Activity:
Output the data word for word, dropping every image.

Data provided:
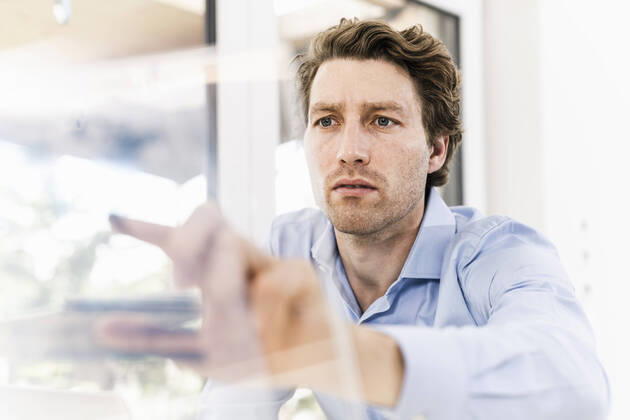 IMAGO Creative: Corporate: Klimaschutz, Digitalisierung und Urbanisierung Mid adult man pointing on glass material while sitting in office model released Symbolfoto property released UUF21891
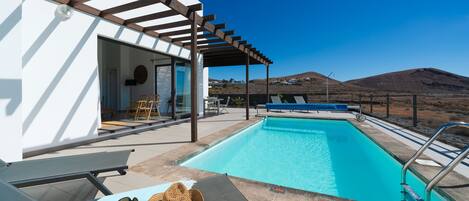 Un espace aménagé au bord de la piscine, avec une pergola, des chaises longues et une vue sur le paysage.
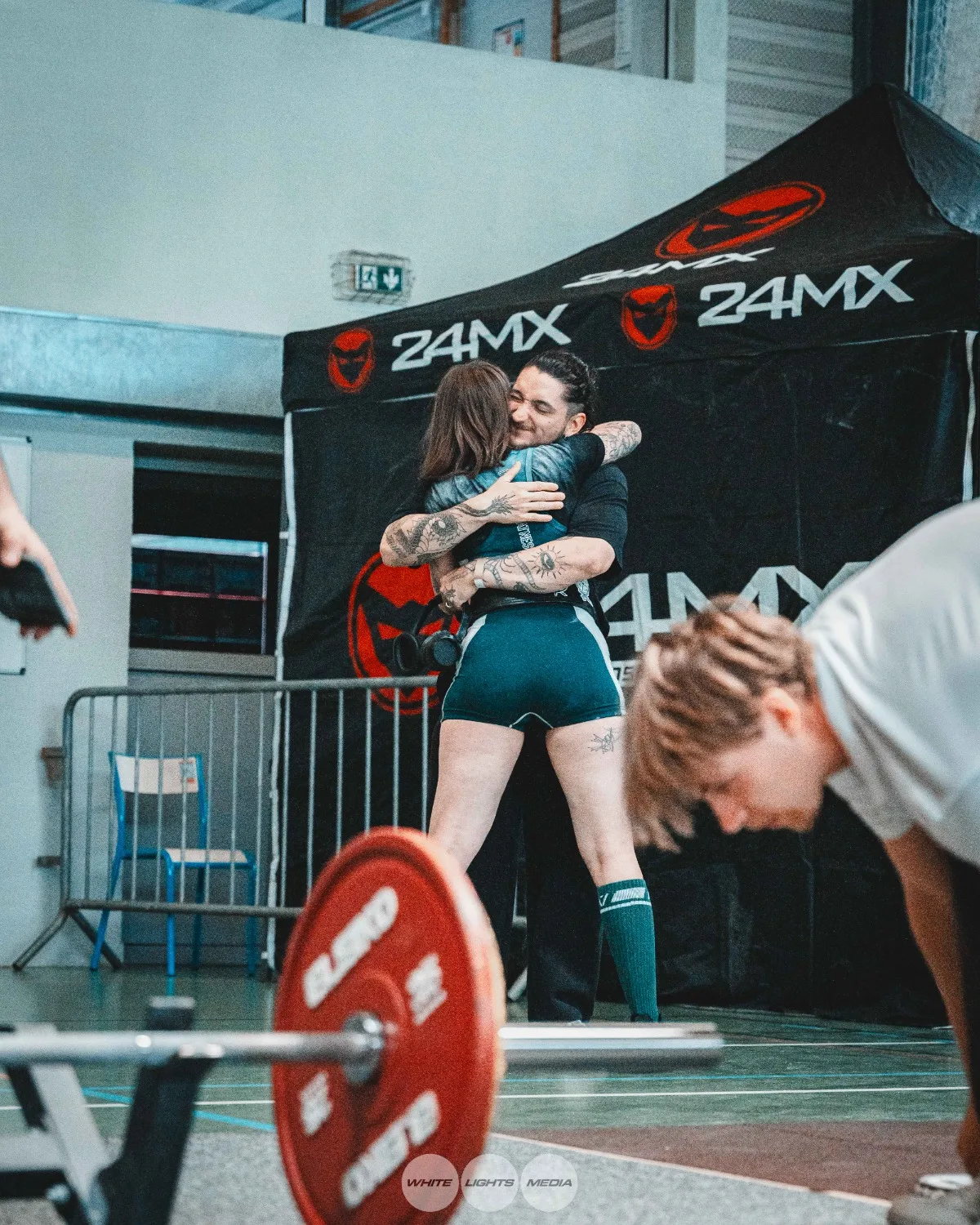 Hug between Atlas Coaching athletes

Solution to the problem:
 IMAGO Creative: Corporate: Klimaschutz, Digitalisierung und Urbanisierung Mid adult man pointing on glass material while sitting in office model released Symbolfoto property released UUF21891
 Un espace aménagé au bord de la piscine, avec une pergola, des chaises longues et une vue sur le paysage.
 Hug between Atlas Coaching athletes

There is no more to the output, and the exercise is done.